(Assignment) Go to the line with "レディース E 【1309040034204】" in the entries below and write out every line from there through the line with "Remote Work Checklist Template", exactly and without pictures.

(Supplied information)
================================

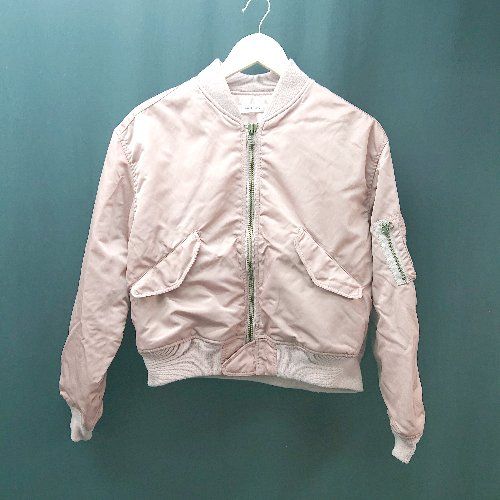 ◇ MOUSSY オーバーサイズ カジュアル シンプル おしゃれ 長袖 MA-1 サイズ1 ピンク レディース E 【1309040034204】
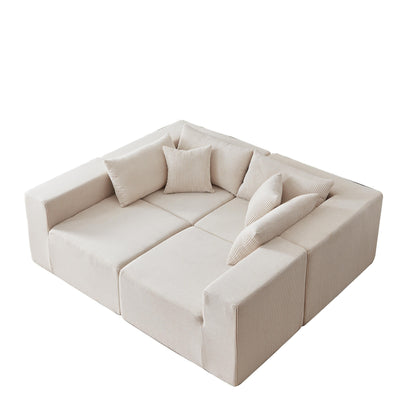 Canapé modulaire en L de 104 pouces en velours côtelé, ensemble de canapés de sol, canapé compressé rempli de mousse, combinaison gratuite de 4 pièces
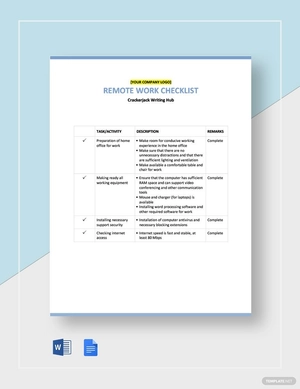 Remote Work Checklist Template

================================

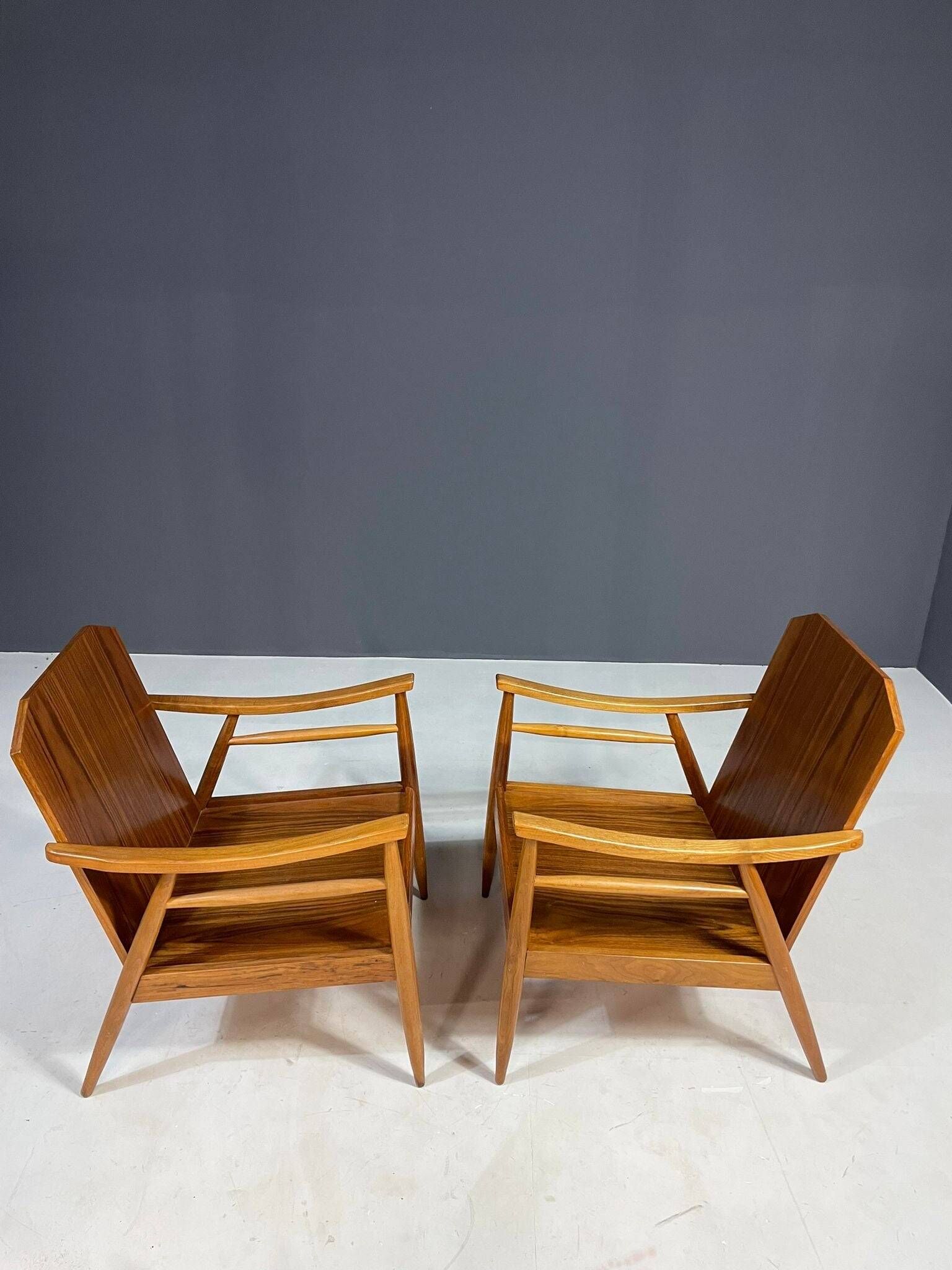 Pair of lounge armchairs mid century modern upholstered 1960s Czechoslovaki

================================

(Answer to this task)
 ◇ MOUSSY オーバーサイズ カジュアル シンプル おしゃれ 長袖 MA-1 サイズ1 ピンク レディース E 【1309040034204】
 Canapé modulaire en L de 104 pouces en velours côtelé, ensemble de canapés de sol, canapé compressé rempli de mousse, combinaison gratuite de 4 pièces
 Remote Work Checklist Template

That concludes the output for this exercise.